SMSF appetite for international exposure strengthens
Vanguard and Investment Trends release updated research on SMSF investors examining their key drivers and investment goal
Vanguard and Investment Trends released the annual results of the 2014 Self Managed Super Fund Report, taking a detailed look at key drivers and challenges for Australian SMSF investors.
The SMSF sector now represents more than 30 per cent of the superannuation industry in Australia and continues to grow with assets increasing 13 per cent to $559 billion in the year to March 2014. With more than 49 per cent of SMSFs in pension or drawdown phase, compared with 17 per cent for industry super funds, this sector of the superannuation system is blazing a trail in terms of managing retirement incomes.
The report is based on a survey of 2,163 SMSF investors and offers a comprehensive view of the sector—presenting detailed analysis about the changes to how SMSF portfolios are constructed, the increased appetite for international exposure and the growing proportion of investors willing to pay for unmet advice needs.
Reflecting rising confidence levels among investors, the intention to invest in international shares by SMSFs almost doubled over the past 12 months to 22 percent (up from 12 per cent in April 2013).
However, common blockers to international exposure include:
- Insufficient knowledge of overseas markets (40 per cent)

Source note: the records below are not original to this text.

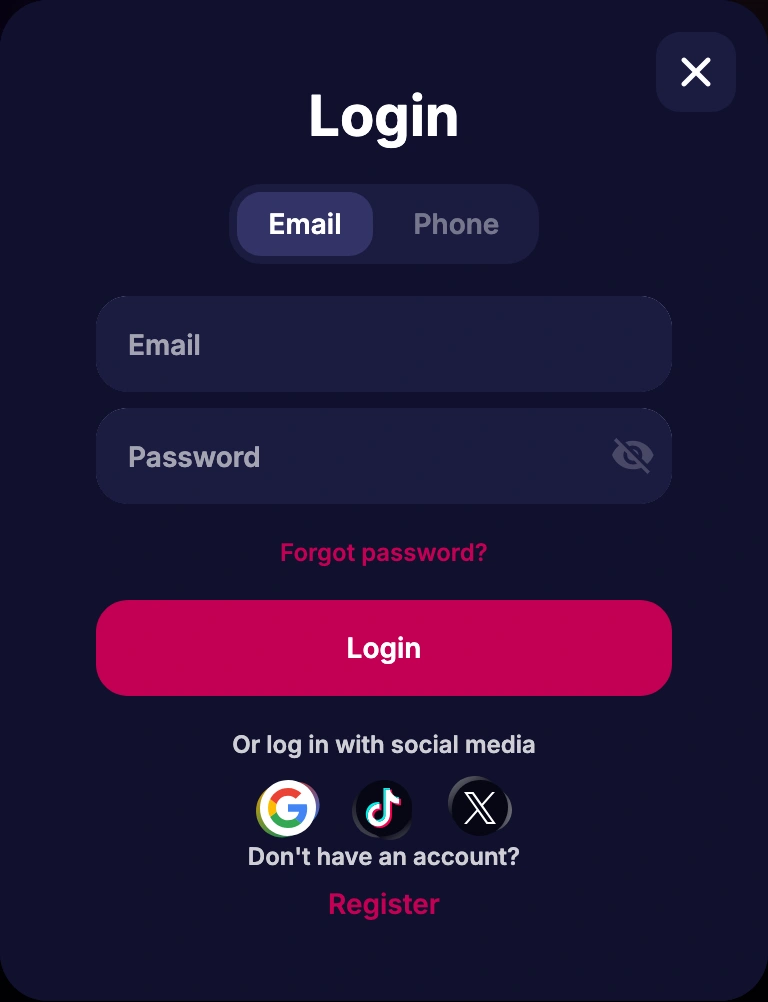 login 1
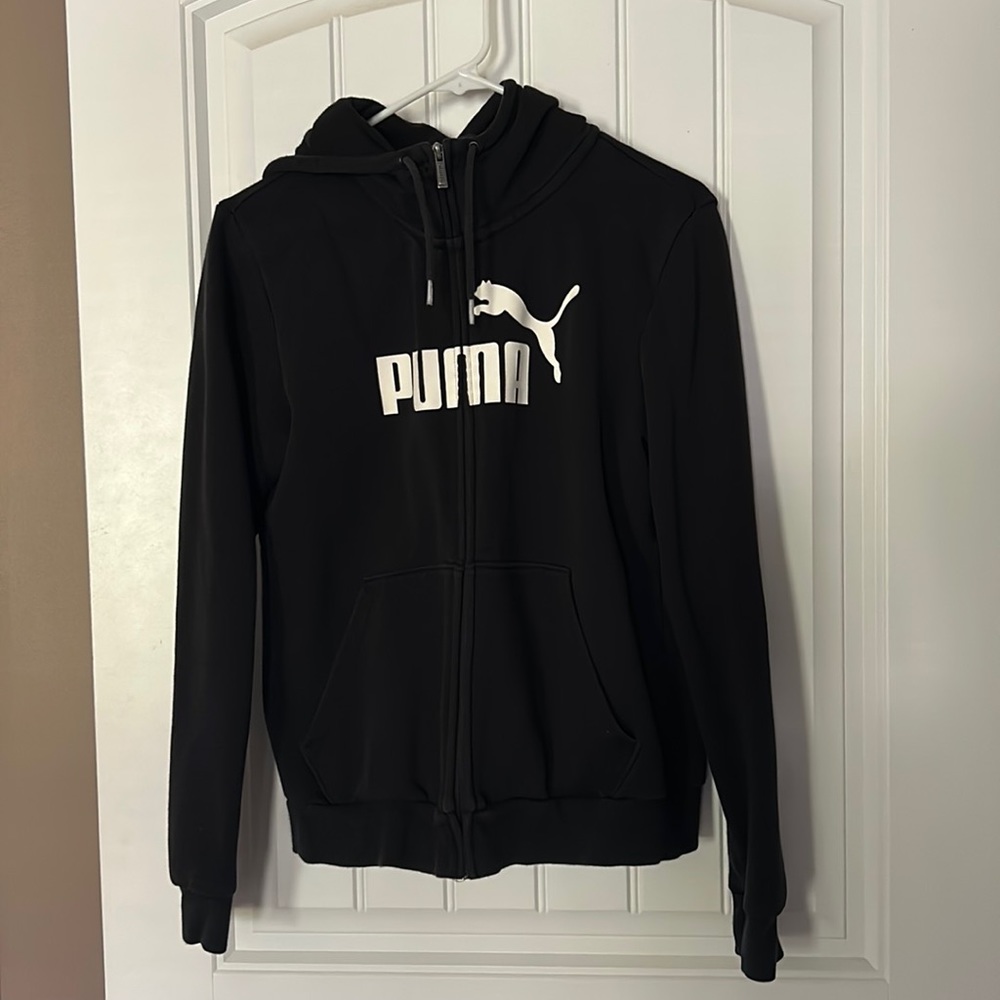 PUMA zip up with hood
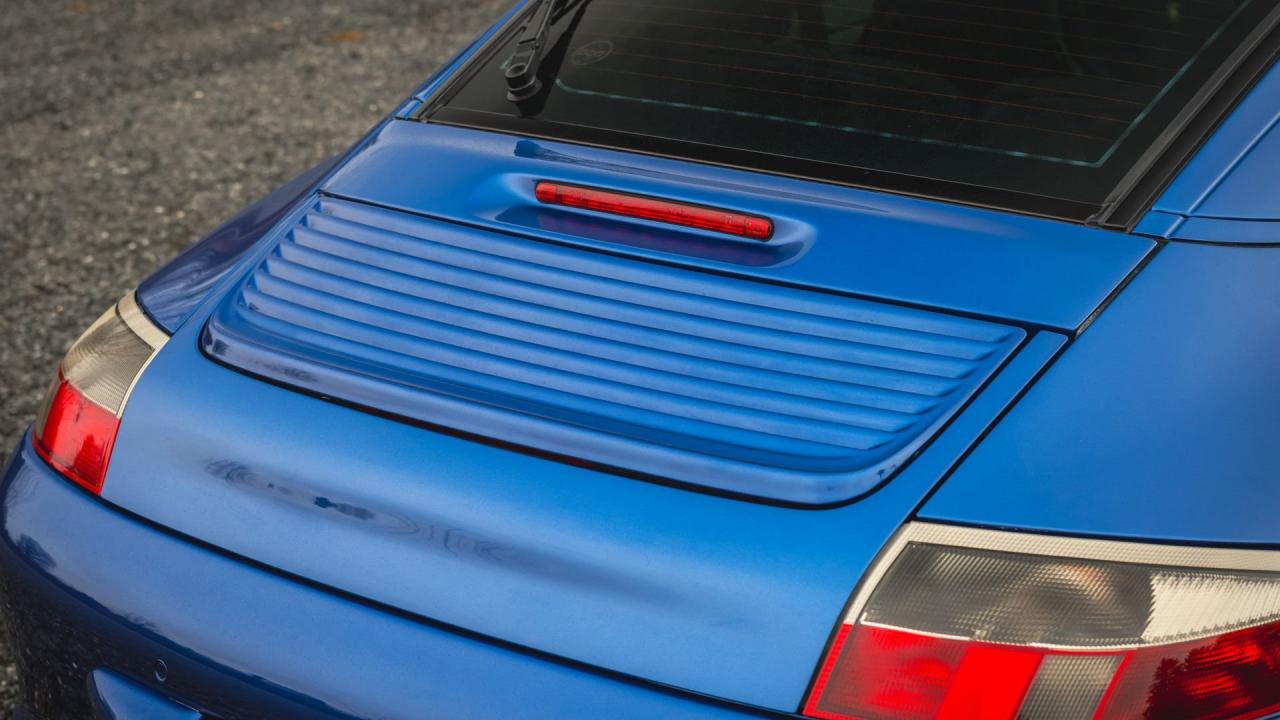 2002 Porsche 911 Targa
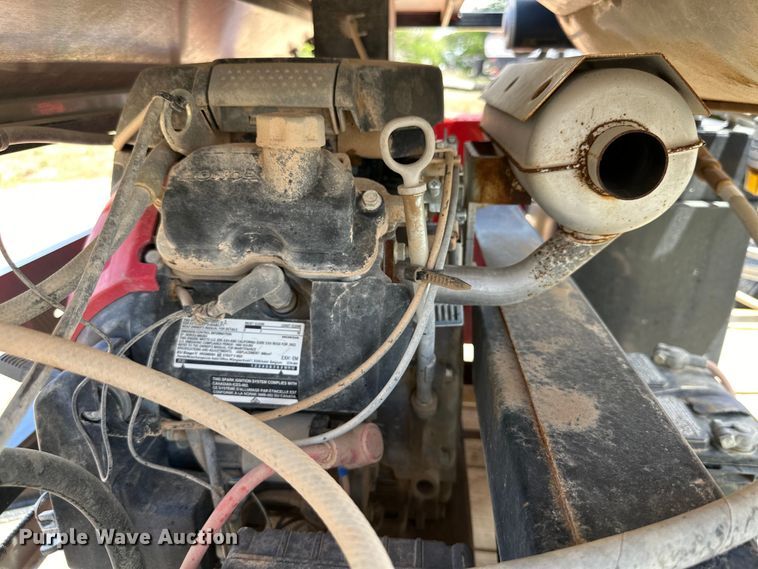 image for item DG4416 2023 Rice  utility trailer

- Currency risk (34 per cent)
- Lack of franking credits (33 per cent)
Professionally managed investments can help address many of the common blockers, so it’s not surprising to see a growing proportion of SMSFs who currently invest in ETFs said access to international markets is a key driver.
Commenting on the report, Robin Bowerman, Vanguard’s Head of Market Strategy & Communications, said: “It is clear that SMSF investors are looking to increase their exposure to international markets.

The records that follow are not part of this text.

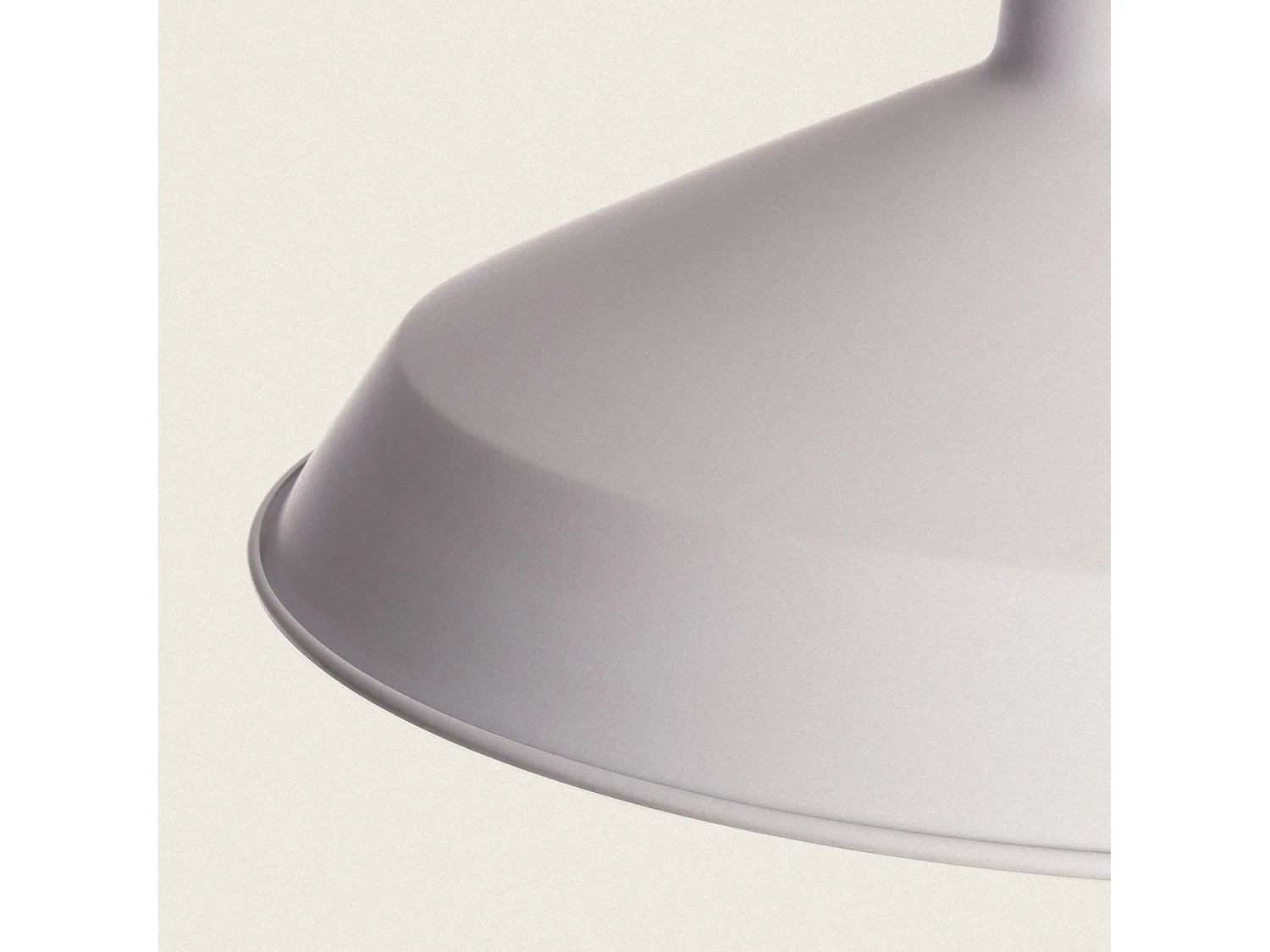 Lámpara Colgante Metal Meistter Blanco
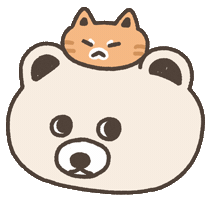 Fun Orange Sticker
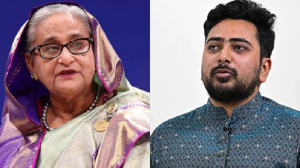 ভারতের সঙ্গে সম্পর্ক স্বাভাবিকের আগে হাসিনার প্রত্যাবর্তন চান নাহিদ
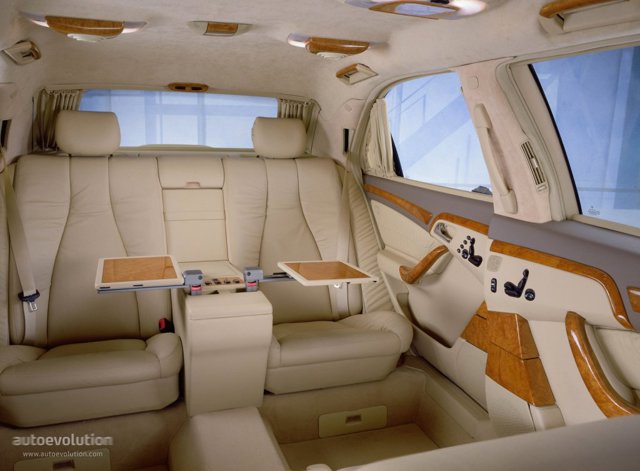 Mercedes Benz Pullman foto 5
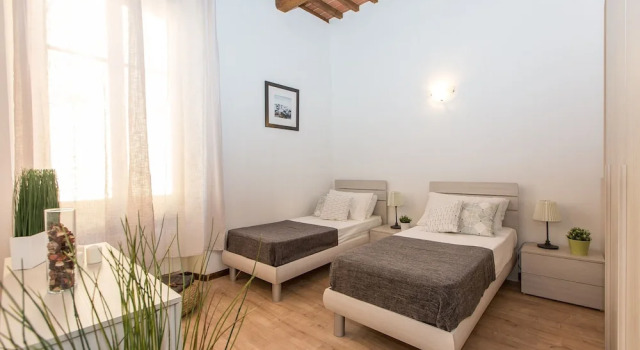 Апартаменты с 3 комнатами Rental In Rome Rosselli Palace Deluxe 3 Apartment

“The increased focus on international investing is valuable in a diversification sense however, we are cautious when key international markets like the U.S. sharemarket have had such strong performance in the past year and hope that advisers and investors are taking a long-term view because too often we see investors disappointed when chasing future returns based on recent past performance.”

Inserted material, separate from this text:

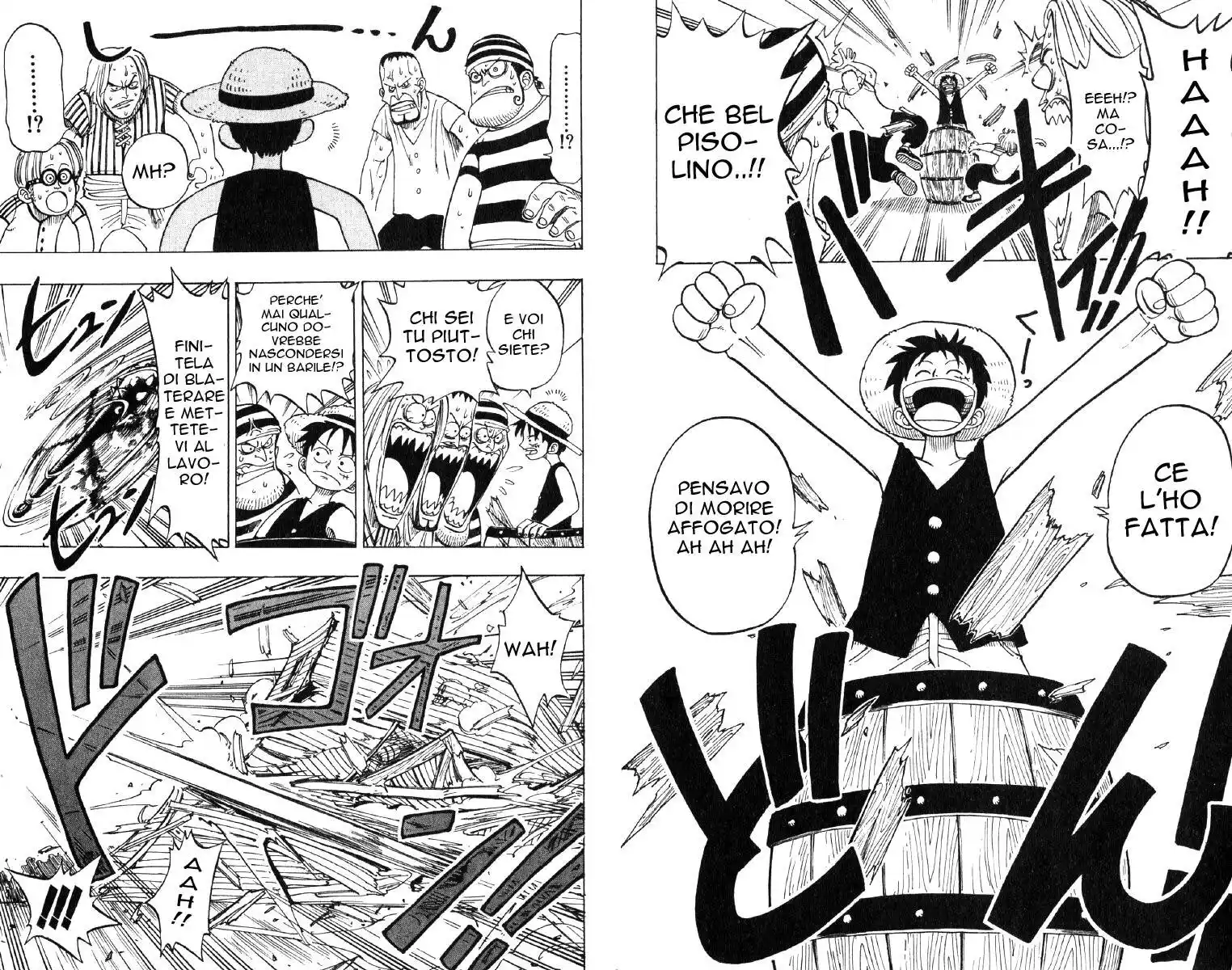 One Piece Capitolo 02 page 5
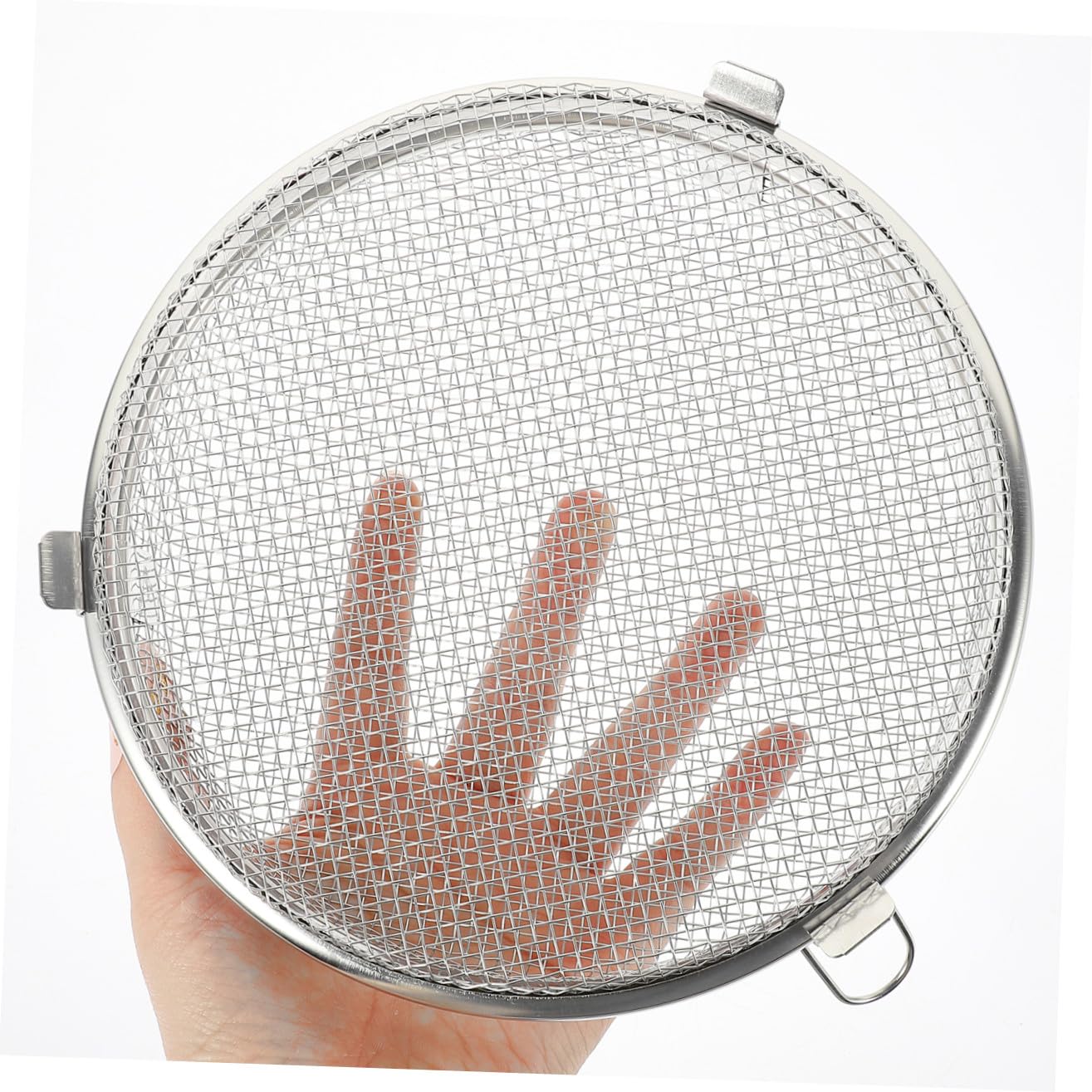 Hohopeti Cesto Lavavajillas Inoxidable De Malla Resistente Para Cubiertos y Utensilios Soporte Metalizado Para Cocina Organizador Práctico Para Tenedores y Cuchillos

Over a quarter of SMSFs (27 per cent, up from 14 per cent) of SMSFs who made a substantial asset allocation change in the last 12 months did so to increase diversification.
Allocation to direct shares by SMSFs remained steady over the past 12 months (44 per cent of total SMSF assets, edging down from 45 per cent) while their allocation to cash declined to 23 per cent, down from 26 per cent. There was also an increase in the use of managed funds and the average investment by SMSFs who hold managed funds is now $210,000 which is a 23 per cent increase up from $170,000 in 2013.
The number of SMSFs holding ETFs has increased 41 per cent to 53,500 in the 12 months to April 2014 explaining, in part at least, the strong growth in the Australian ETF market which has recently passed $11.7 billion in assets.
The number of SMSFs planning to invest in ETFs for the first time in the coming year has jumped by 76 per cent to 58,000.
“ETFs offer SMSFs great tools with which to implement their portfolio’s asset allocation. They allow SMSFs the ability to access a market or market segment at a low cost, to diversify risk or implement a core-satellite strategy.
“Against a background of strong market returns separate portfolio research carried out by Vanguard’s Investment Strategy Group shows that SMSFs have a starkly different risk profile than that of institutional superannuation funds.
“If SMSF trustees appreciate the level of risk in their portfolio that is great. Our concern is that some SMSFs may feel they are investing conservatively where the analysis shows that they may have quite high levels of concentration and market risk within their portfolios.
“Investors should focus on developing an appropriate asset allocation mix consistent with realistic risk-and-return expectations,” said Mr. Bowerman.
The Investment Trends research shows in 2014 approximately 150,000 SMSFs (a significant increase from 115,000 in 2013) are administered by specialist SMSF services. Annual tax reporting and audits (54 per cent) and low fees (45 per cent) were the most commonly cited drivers of selecting a specialist administration provider.
“Understandably, super fund costs remain a concern for investors and are a key driver behind the increase in the establishment of SMSFs. Naturally, during periods of flat or negative super fund returns, the number of new SMSFs being established will increase.
“While control always tops the list of reasons for establishing a SMSF Vanguard believes an underlying reason for the growth of SMSFs in the past five years is investors looking to cut the fees they pay superannuation funds.
“The interim report by the Financial System Inquiry raises the question about costs within the Australian super system. That is a debate we must have because in Vanguard’s view the growth in the system to $1.8 trillion of retirement savings has not delivered the lower costs you could expect from such economies of scale” said Mr. Bowerman.